> _Task objective_
In the listing below, print exactly the lines between the line holding "COZY ROZI online show from March 22, 6:47 pm" and the line holding "The Rock Suites", inclusive, and no more.

-------- The input

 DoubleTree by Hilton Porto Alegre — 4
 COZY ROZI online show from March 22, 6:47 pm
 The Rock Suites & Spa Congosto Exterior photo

----------------
-------- The input

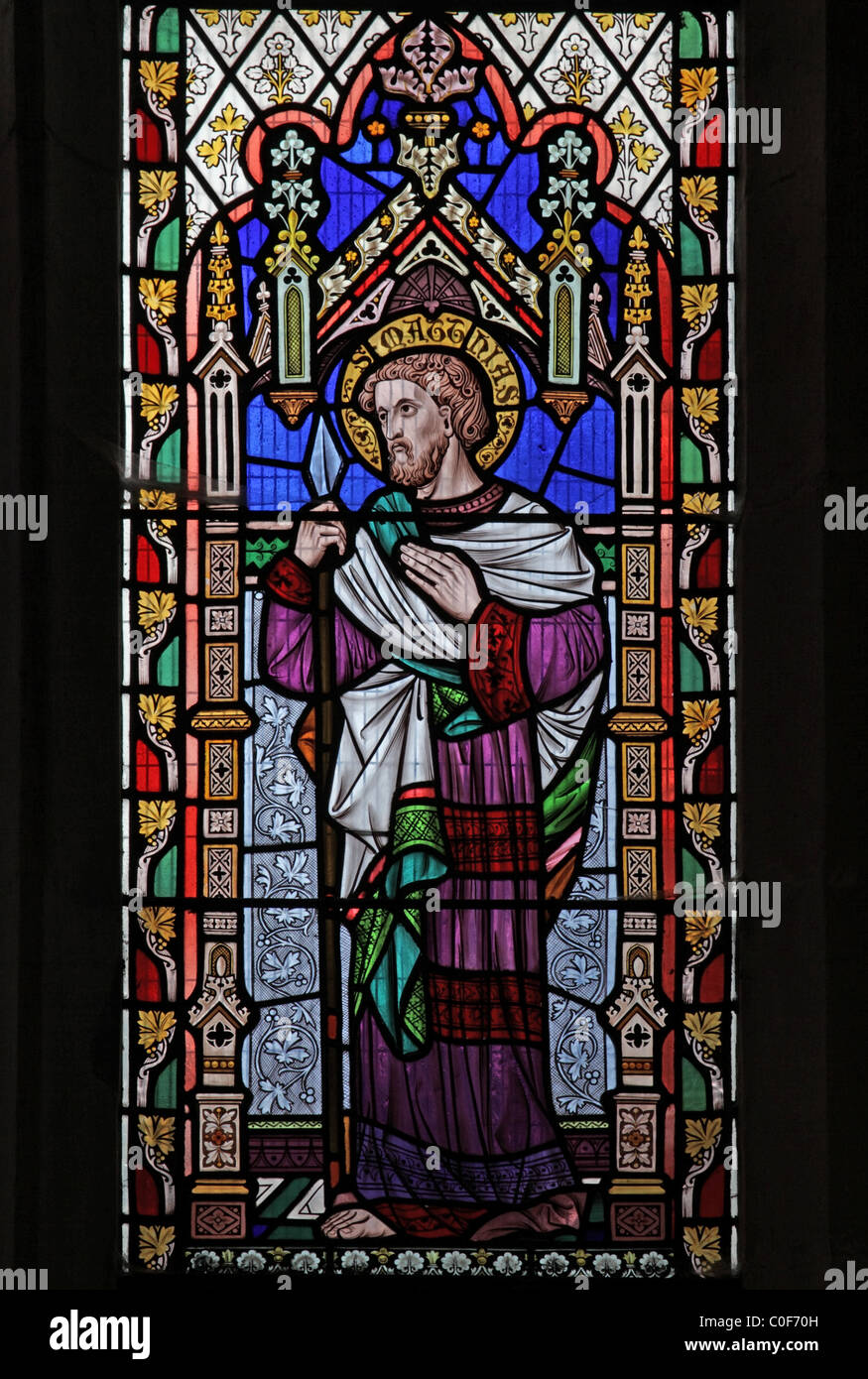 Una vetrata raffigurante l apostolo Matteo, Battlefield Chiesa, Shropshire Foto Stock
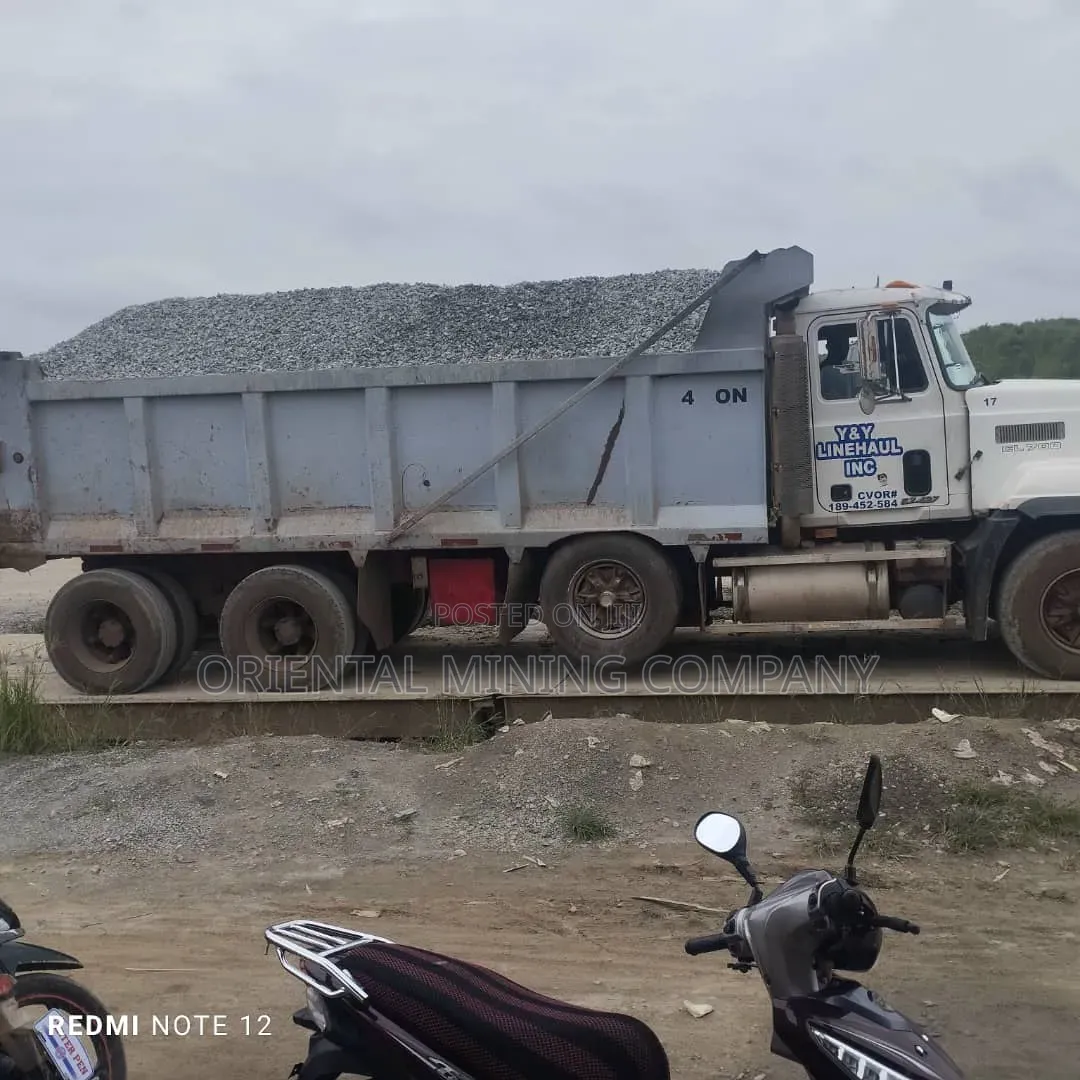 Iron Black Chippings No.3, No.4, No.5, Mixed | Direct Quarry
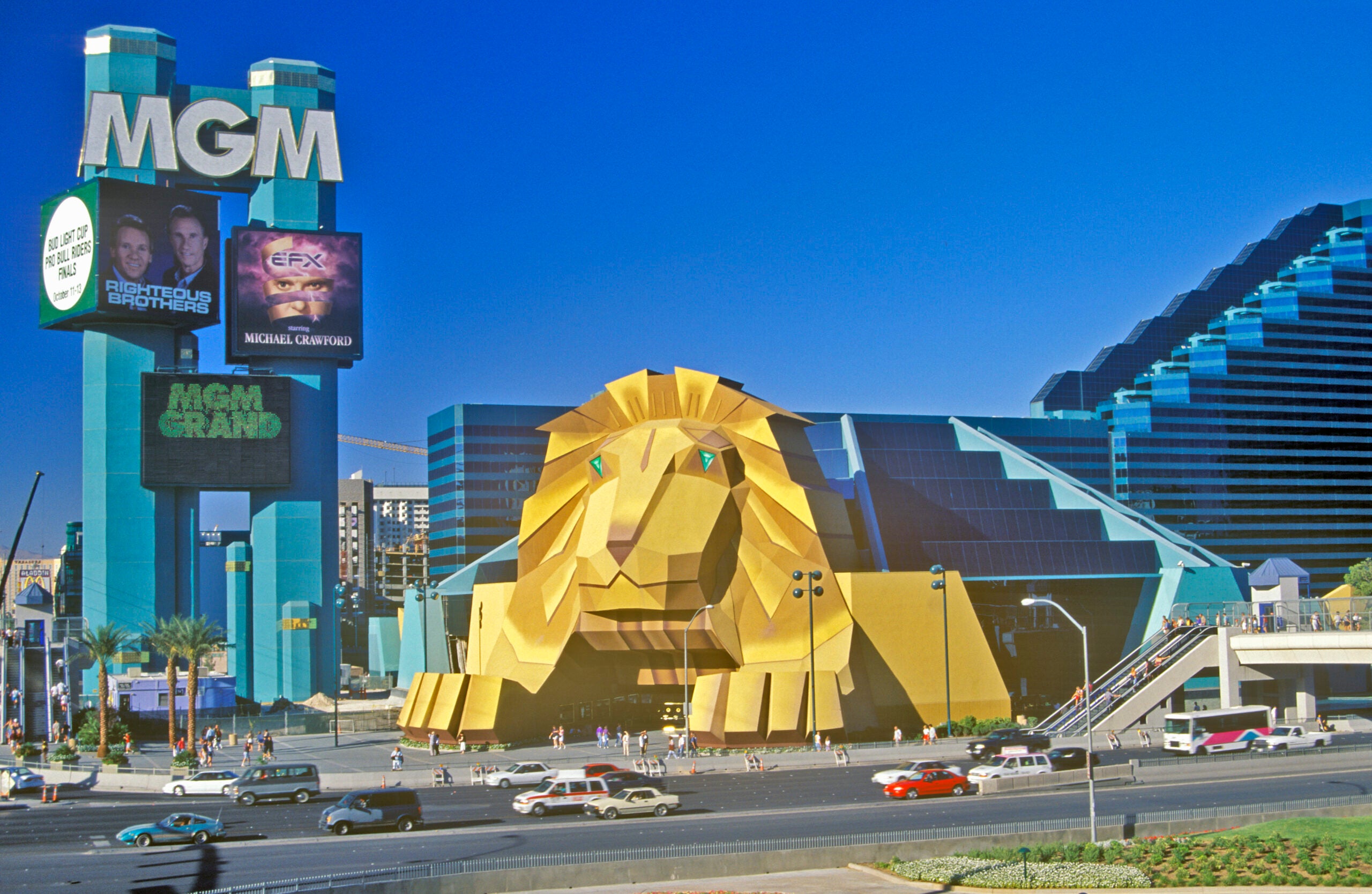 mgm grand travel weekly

----------------
-------- The input

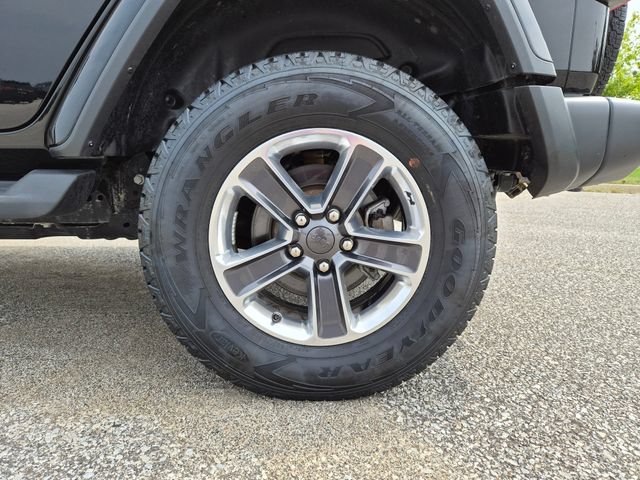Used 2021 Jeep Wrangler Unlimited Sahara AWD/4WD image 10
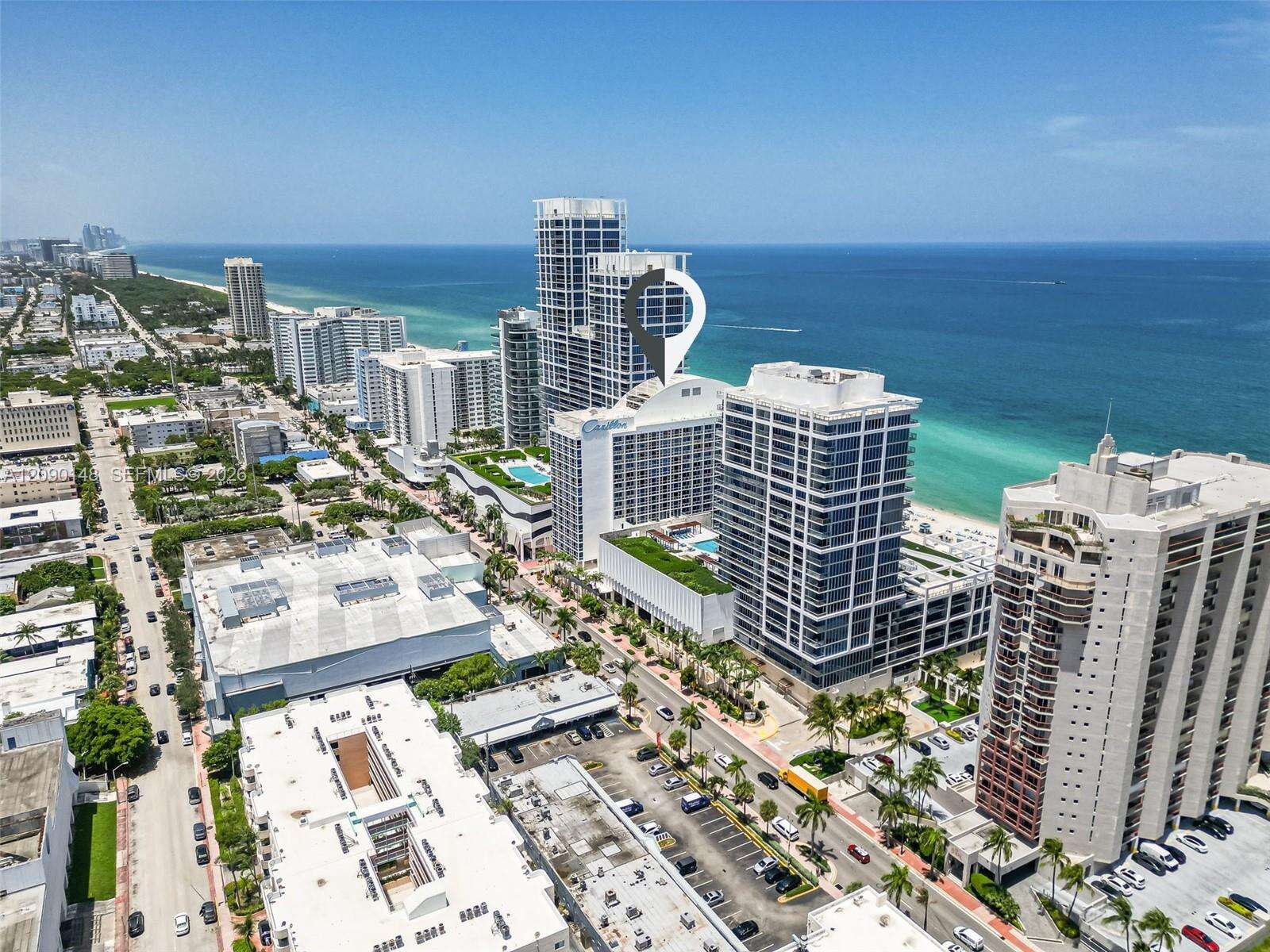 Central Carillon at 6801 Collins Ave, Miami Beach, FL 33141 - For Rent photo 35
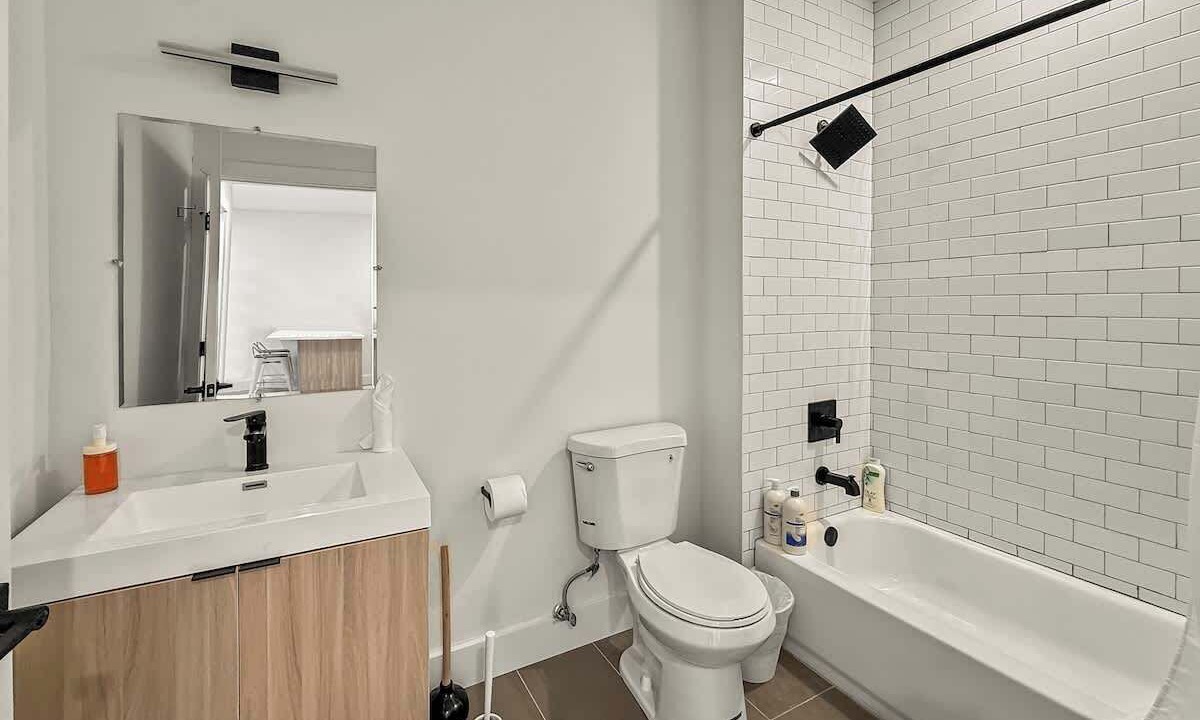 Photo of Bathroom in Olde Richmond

----------------

> _Answer to the problem_
 COZY ROZI online show from March 22, 6:47 pm
 The Rock Suites & Spa Congosto Exterior photo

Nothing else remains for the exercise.